At the moment, when some group of people is not willing to reproduce the findings of another people, then we just face the pathological skepticism (analogy of refusal to have look through Galilei telescope) - it's as simple, as it is.
A2G
1 / 5 (1) Oct 20, 2012
I deal with various doctors in some of my consulting work. I have not met one who didn't think that what Monsanto is doing with GM food and round-up was anything but terrible. Several of them are really pissed about it all, wondering why something has not been done to reign them in and do some long term studies on the effects of the products in question.

I honestly have not had the time to give it my own review, but the doctors I know who are against it have, and they are pretty smart cookies.

As for me I will stick with organic until it is absolutely proven safe. It is my body, not monsanto's.
A2G
1 / 5 (1) Oct 20, 2012
Try this easy simple test. Treat it as a science experiment. Eat only organic food for one month. Everything. You have to really stick to it though. Then after that month, go back and drink a coke, or eat some processed food with the additives.

Your body will tell you all you need to know.

This is what I did. My son got me started on it. I could not believe the different in taste. But if your system is already filled with this artificial crap your system has made adjustments and you get used to it.

Then most importantly. Evaluate how you feel after eliminating artificial food additives from your diet for a month.

Try it you will be hooked. No matter what any study says, I know what it has done for me. $$$$ can buy study results, but they can't buy the truth.
IronhorseA
5 / 5 (1) Oct 20, 2012
US food mostly tastes like crap and Americans are acquiring strange illnesses and deformed shapes.

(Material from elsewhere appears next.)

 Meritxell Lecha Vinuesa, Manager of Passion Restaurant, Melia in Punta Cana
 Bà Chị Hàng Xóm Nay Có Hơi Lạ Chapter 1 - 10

That's enough to know.


That's just california food, they don't know how to cook anything other than 'health food'. ;P
Tweenk
not rated yet Oct 22, 2012
There were at least 24 long-term and multi-generational feeding studies of GM food (e.g. far more thorough than Seralini's, because they also look at the offspring of the test animals), and none of them suggest any health problems.

Links are disallowed here, but go to dx.doi.org and resolve this:
10.1016/j.fct.2011.11.048
Tweenk
not rated yet Oct 22, 2012
The doubters have no chance, than just to attempt for replication of the Seralini's experiments under even more thorough conditions.

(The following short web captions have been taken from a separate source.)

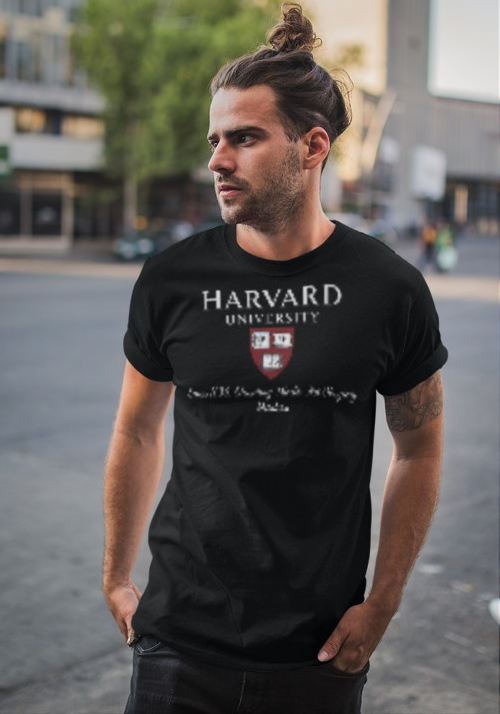 Harvard University - Since 1636: unisex t-shirt, antigovernment shirt, no masters tee, hands off universities t-shirt, law shirt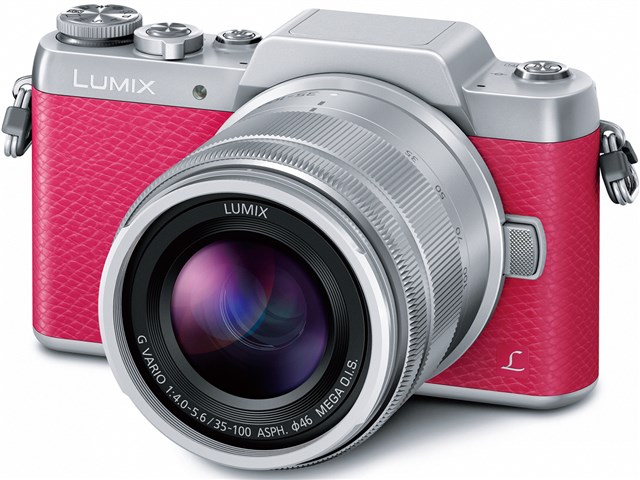 LUMIX DMC-GF7W-P ダブルズームレンズキット [ピンク]の通販なら 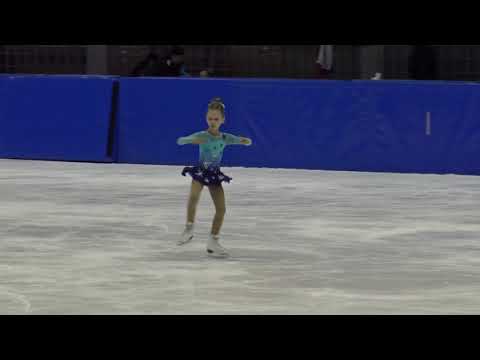 12. Santa Claus Cup 2018: Petra Pallagi (HUN) - FS Chicks Girls ISU 6 Free Skating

Except the experiment was done many times before and results similar to Seralini's were NEVER observed - not to mention that HIS OWN OBSERVATIONS do not show the effect. It's present only in his own mind. Seralini severely misinterpreted his 'study' to say what he and his backers want - unless you believe that all of those previous 24 studies were corrupted by Monsanto and Seralini is the only white knight.

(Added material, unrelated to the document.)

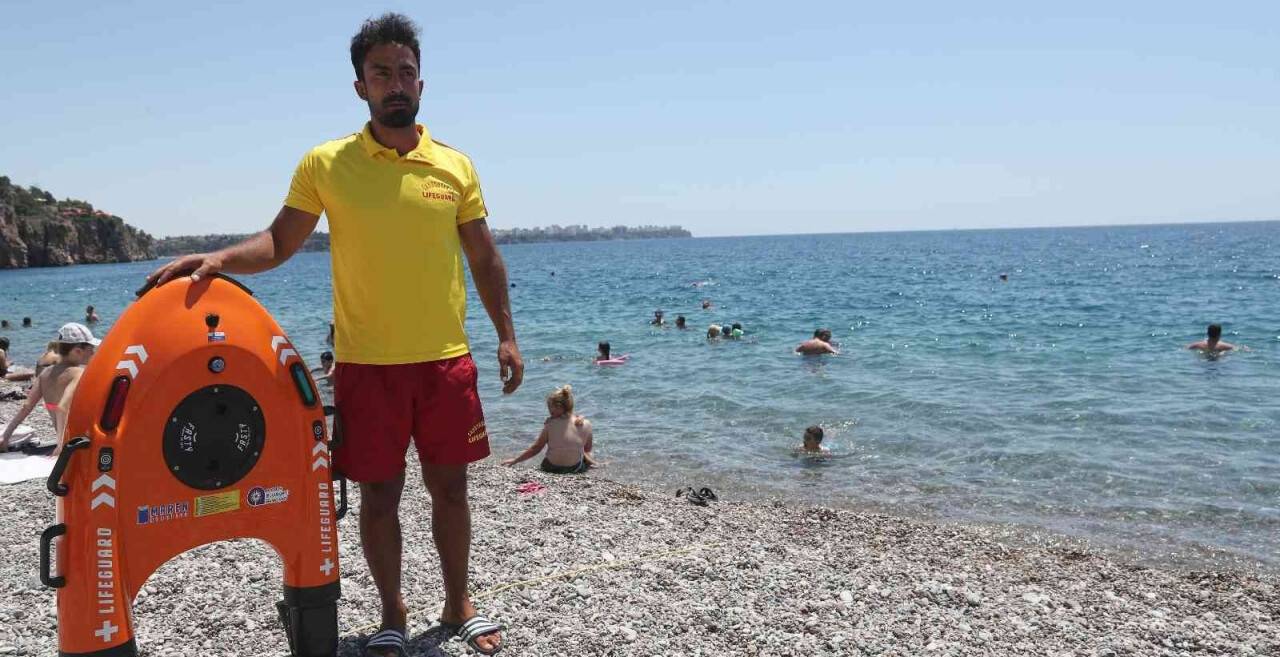 Cankurtaran robotla kurtarıldı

Personally I think it's far more plausible that Seralini was ideologically or financially motivated into falsifying his conclusions than that every other researcher was bribed by a single company. (NB, worldwide organic food sales dwarf Monsanto's total revenue roughly 5 to 1, $60 billion vs $12 billion.)
antialias_physorg
5 / 5 (1) Oct 22, 2012
Just label the GM crap (and any processed food that contains it) and let the consumer decide.
Caliban
not rated yet Oct 22, 2012
Personally I think it's far more plausible that Seralini was ideologically or financially motivated into falsifying his conclusions than that every other researcher was bribed by a single company. (NB, worldwide organic food sales dwarf Monsanto's total revenue roughly 5 to 1, $60 billion vs $12 billion.)


@tweenk,

Care to cite a source for that income claim?